# old YT828 gas leak !!!!



## Frankthebeast (Jan 4, 2022)

HI Everyone

i had a old YT828 mid 80s or early 90s , and the gas leak from the carb by the choke clapet ??? after close fall on the carb side will running ,
any ideas


----------



## Darryl G (Feb 5, 2017)

Idea - edit grammar above so we can comprehend it


----------



## Frankthebeast (Jan 4, 2022)

sorry I’m a French Canadian I do my best ,

Now it’s okay for you sir

there is a gas leak from the carburettor on the air filter side , this is produced after the blower tilted on the carburettor side almost completely


----------



## English_Cat (Sep 1, 2020)

Frankthebeast said:


> sorry I’m a French Canadian I do my best ,
> 
> Now it’s okay for you sir
> 
> there is a gas leak from the carburettor on the air filter side , this is produced after the blower tilted on the carburettor side almost completely


This is somewhat normal, from the gas tank to the carburetor it has to go through a lot of fuel line and a fuel pump. If you simply turn off the engine, there's still going to be a lot of fuel in the line and in the carburetor bowl itself, so if you tilt it, some will overflow. If you need to service the machine, drain out the fuel line/carburetor first before tipping it. 

If it leaks while running, then you have a problem, but if I understand right, you said it leaked when the machine was tipped.


----------



## Frankthebeast (Jan 4, 2022)

CarlB, thanks

he started to leak when she started to lean to the side when I lost the handles when she was running , and still leak when it run


----------



## Jatoxico (Jan 6, 2018)

Float hung up (stuck) after being on it's side?


----------



## orangputeh (Nov 24, 2016)

Frankthebeast said:


> CarlB, thanks
> 
> he started to leak when she started to lean to the side when I lost the handles when she was running , and still leak when it run


well, fairly easy to check.

remove bowl and float. check float to see if there is gas inside it. if so replace.
if not then clean / inspect needle tip and clean needle seat.
perhaps some spec of dirt is in needle seat so it wont stop the flow of gas as it should.

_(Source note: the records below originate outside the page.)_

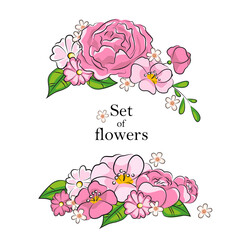  Set of beautiful pink wildflowers.  Wedding concept with flowers. Floral poster, invite. Vector designs for greeting cards or invitations  - 457168529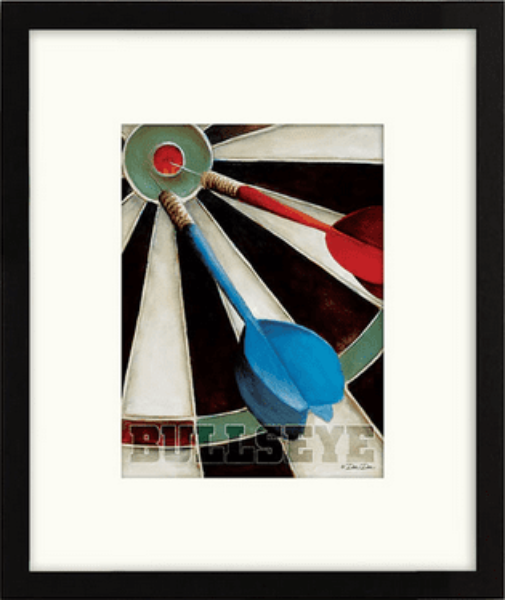Classic 'Bullseye' art print featuring darts in a dartboard, embodying the spirit of the game and precision in a vividly framed presentation.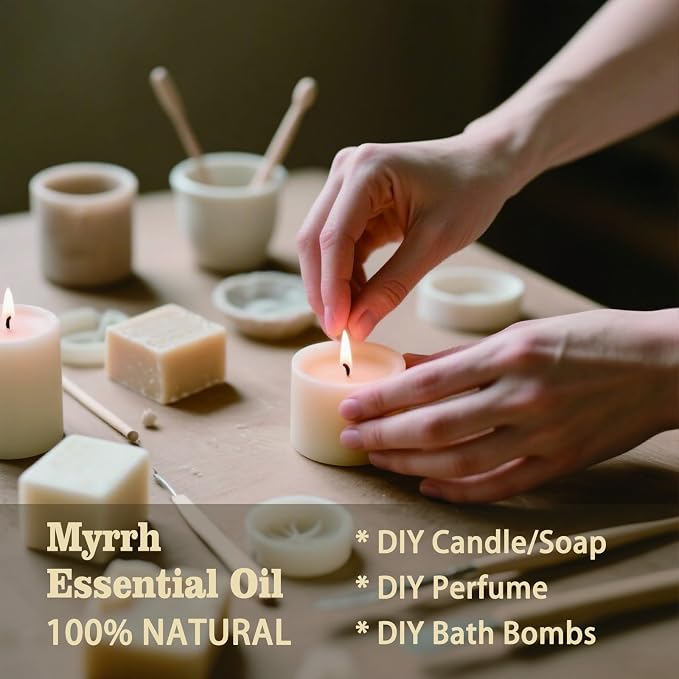 Myrrh Essential Oil, Myrrh Oil for Meditation, Diffuser, Humidifier, Massage, DIY Soap, Candle, Skin Care, Yoga, Gift Ready,Myrrh Fragrance Oil - MLYNKL Essential Oils (4.33 fl oz / 130ml)
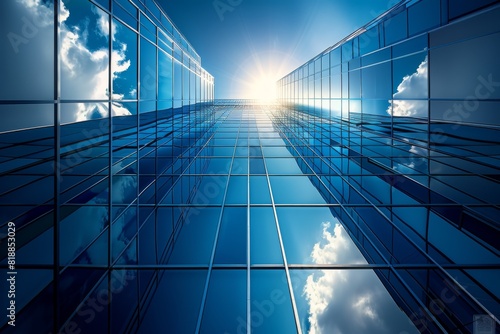 The photo is an upward view of a modern glass skyscraper with blue reflective windows.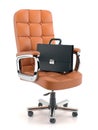 Leather briefcase on office armchair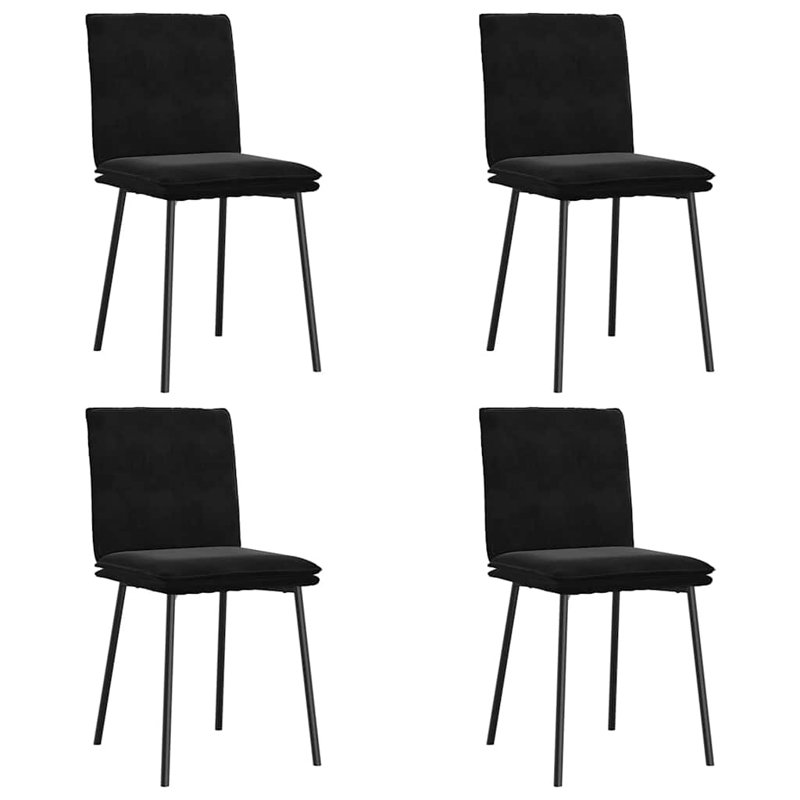  Ensemble de 4 chaises de salle à manger en velours noir, contreplaqué, métal
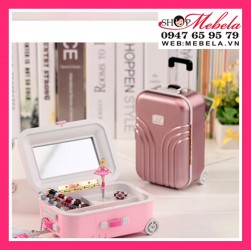 Q01 Quà lưu niệm, quà sinh nhật Hộp nhạc đựng trang sức hình vali kéo
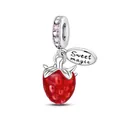 S925 Silber Erdbeere Charm mit Emaille, Kristallen und Sweet Magic Gravur für Armband - Himbeere Sweet Magic Anhänger (PAC1637)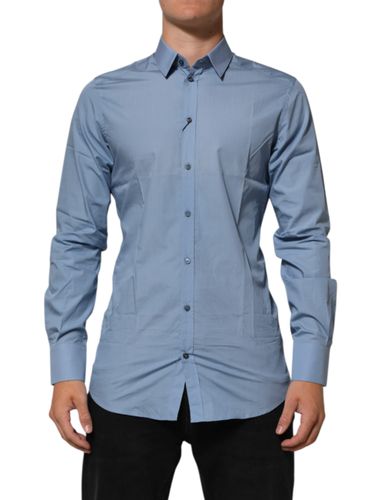 Blue Cotton Collared GOLD Formal Dress Men's Shirt (Pre-Owned) - Dolce & Gabbana - Modalova
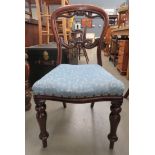 Victorian balloon back dining chair with floral upholstered seat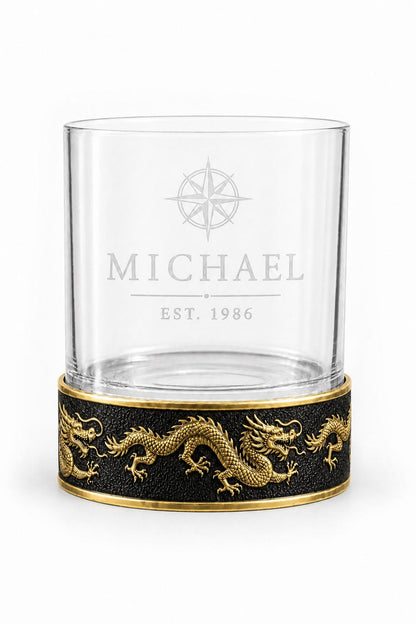 Personalised Laser Etched Brass Base Whiskey Glass | Signature Name/Logo Glasses | Dragon Metal Design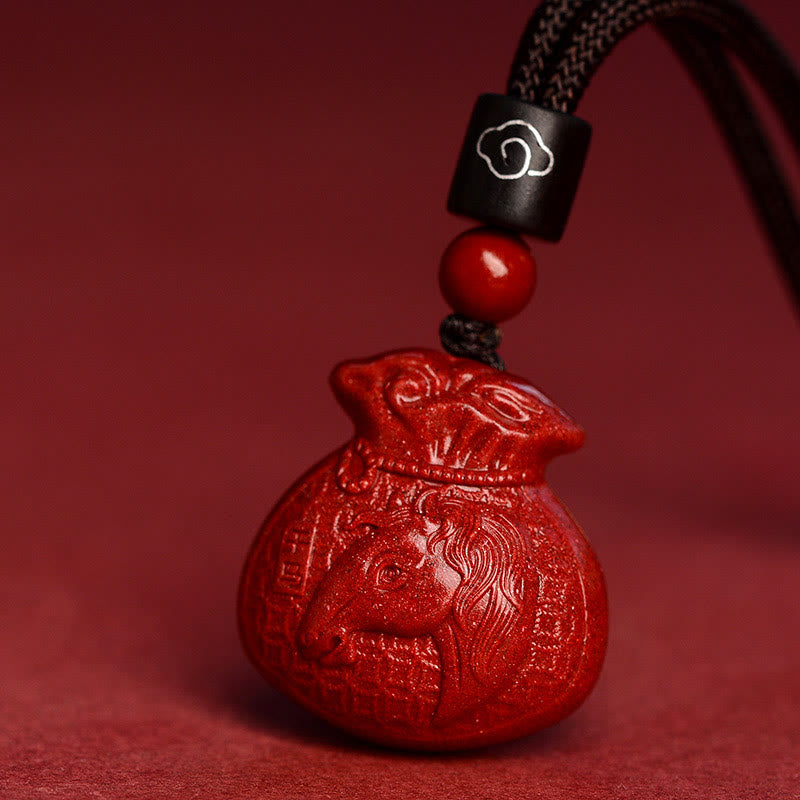 KarmaRipple's Chinese Zodiac Money Bag Shape Cinnabar Calm Pendant Necklace p28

you can push up float to see if gas stops as it should also.


----------



## Frankthebeast (Jan 4, 2022)

ok thank's everybody ,

ill be back with feedback soon


----------



## Frankthebeast (Jan 4, 2022)

1 - 8 of 8 Post

*orangputeh 

it was exactely the float , it was blocked in down position i cleaned it and now it's ok thank you again for your help , everybody to thank's *


----------